# Python for Data Science Project Session 2: Social Sciences

The Sustainable Development Goals (SDGs) are a UN initiative consisting of 17 goals.  Their aim is to continue striving towards development in a more environmentally conscious manner.  

In this notebook, we will investigate data regarding the aim of increasing access to electricity.  We will create three main graphs – first looking at data on a global scale, then focusing on Africa, and finally looking at if progress has been made in the 10 countries with the lowest access.  

We will be using World Bank data spanning from 2000-2019 relating to Goal 7 (Affordable and Clean Energy).

First, import the necessary packages:

In [None]:
import matplotlib.pyplot as plt
import pandas as pd
import pycountry 
import seaborn as sns

Then, run the code below to import the dataset `GoalData7.csv` (find the file on the session 2 page) to access the data and extract the variables that are of relevance.  This will create a data frame called `sdg` that contains our 6 variables of interest:
* `GeoAreaCode`
* `GeoAreaName`
* `TimePeriod`
* `Value`
* `Location`
* `Nature`



In [None]:
raw_sdg = pd.read_csv("Goal7data.csv")
sdg = raw_sdg[["GeoAreaCode", "GeoAreaName", "TimePeriod", "Value", "Location", "Nature"]].copy()

Have a look at the data frame `sdg`, calling up random samples.

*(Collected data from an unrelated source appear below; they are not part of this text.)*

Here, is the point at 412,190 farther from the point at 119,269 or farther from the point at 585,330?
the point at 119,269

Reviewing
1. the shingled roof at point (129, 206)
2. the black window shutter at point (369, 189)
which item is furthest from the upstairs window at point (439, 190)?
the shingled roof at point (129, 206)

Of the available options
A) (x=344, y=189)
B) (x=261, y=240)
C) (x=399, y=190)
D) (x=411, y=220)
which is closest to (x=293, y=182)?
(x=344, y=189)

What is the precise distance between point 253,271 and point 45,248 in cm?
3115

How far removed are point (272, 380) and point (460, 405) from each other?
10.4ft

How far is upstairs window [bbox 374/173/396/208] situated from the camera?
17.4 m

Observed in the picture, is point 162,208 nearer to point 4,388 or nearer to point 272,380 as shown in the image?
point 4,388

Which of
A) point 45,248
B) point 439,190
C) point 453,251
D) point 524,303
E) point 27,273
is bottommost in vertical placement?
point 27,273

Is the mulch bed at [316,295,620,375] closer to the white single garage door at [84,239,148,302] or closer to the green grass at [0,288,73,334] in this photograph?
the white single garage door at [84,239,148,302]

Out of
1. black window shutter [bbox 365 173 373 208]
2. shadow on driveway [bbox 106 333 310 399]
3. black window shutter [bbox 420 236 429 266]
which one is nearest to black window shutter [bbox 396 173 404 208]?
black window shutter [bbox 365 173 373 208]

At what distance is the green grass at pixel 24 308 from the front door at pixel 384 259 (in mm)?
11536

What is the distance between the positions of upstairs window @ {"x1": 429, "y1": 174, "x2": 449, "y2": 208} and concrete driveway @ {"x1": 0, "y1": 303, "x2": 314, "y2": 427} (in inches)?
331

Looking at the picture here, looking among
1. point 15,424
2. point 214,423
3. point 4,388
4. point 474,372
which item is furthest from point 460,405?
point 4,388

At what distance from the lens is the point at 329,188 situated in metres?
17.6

Notice how the data is split up into `ALLAREA`, `RURAL` and `URBAN` data points, along with values for countries and wider regions.  

## A Global Look

In this first section, we will look at the data on a global scale.  Run the code below to create the data frame `df_world` that consists of the `ALLAREA` data from the geographical area called `World`.

In [None]:
df_world = sdg[(sdg["GeoAreaName"] == "World") & (sdg["Location"] == "ALLAREA")]

Then, create a line plot from this data frame, with the x-axis being the `TimePeriod`, and the y-axis being the access to electricity  `Value`.  Specify a colour, and add the parameter `label = "All Country Data"` to the plot specifications in order to help clarify the legend.

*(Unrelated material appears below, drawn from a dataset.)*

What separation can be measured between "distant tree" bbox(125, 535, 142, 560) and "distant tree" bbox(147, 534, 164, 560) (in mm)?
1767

Format the figure, reffering to the documentation (https://matplotlib.org/stable/api/_as_gen/matplotlib.pyplot.html) for help.  Ensure that the:
* x axis ticks are correctly spaced [hint: use splicing], and rotated so they can be read 
* both axes are labelled
* there is a grid (and it is behind the line plot)
* the plot has a title
* the plot has a legend
* colour documentation = https://matplotlib.org/stable/gallery/color/named_colors.html

Now, we will add a scatter of all countries data.  First, run the code below to manipulate `sdg` such that a data frame `df_c` is created.  It consists of the `ALLAREA` data for just countries - thereby removing values for regions and urban/rural specifics.

In [None]:
#Create list of countries
countries_list = []
for country in pycountry.countries:
    countries_list.append(country.name)
    
#Create data frame without regions
df_c = sdg[(sdg["Location"] == "ALLAREA")]
df_c = df_c[df_c.GeoAreaName.isin(countries_list)]
df_c

Now, add a scatter of all countries data using the data frame `df_c` to the line plot created above. Change the transparency for clarity using `alpha`, and the make the colour something neutral so that the world average stands out ontop.  Also include a `label` parameter for clarity in the legend.

The scatter plot has a lot of data, and so is not very clear to read.  However, creating a colour distinction between rural and urban data points would illustrate if there are any significant divisions between access to electricity.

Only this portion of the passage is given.